## MATERIAL SHOWN
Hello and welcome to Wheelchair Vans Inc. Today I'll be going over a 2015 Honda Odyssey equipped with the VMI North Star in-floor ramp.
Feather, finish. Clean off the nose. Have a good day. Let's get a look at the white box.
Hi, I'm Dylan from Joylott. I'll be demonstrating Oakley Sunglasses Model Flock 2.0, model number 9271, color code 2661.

---

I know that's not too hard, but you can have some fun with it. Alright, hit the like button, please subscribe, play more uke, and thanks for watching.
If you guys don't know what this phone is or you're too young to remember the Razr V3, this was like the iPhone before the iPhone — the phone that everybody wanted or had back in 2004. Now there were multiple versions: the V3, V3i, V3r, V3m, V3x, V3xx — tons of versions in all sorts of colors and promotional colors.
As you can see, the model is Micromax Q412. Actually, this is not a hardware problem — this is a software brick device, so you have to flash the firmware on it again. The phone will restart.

## TASK DETAILS
Taking the entries above, write out exactly each line from the one holding "I know that's" to the one holding "If you guys", both included, and stop there.

## OUTPUT OF THE TASK
I know that's not too hard, but you can have some fun with it. Alright, hit the like button, please subscribe, play more uke, and thanks for watching.
If you guys don't know what this phone is or you're too young to remember the Razr V3, this was like the iPhone before the iPhone — the phone that everybody wanted or had back in 2004. Now there were multiple versions: the V3, V3i, V3r, V3m, V3x, V3xx — tons of versions in all sorts of colors and promotional colors.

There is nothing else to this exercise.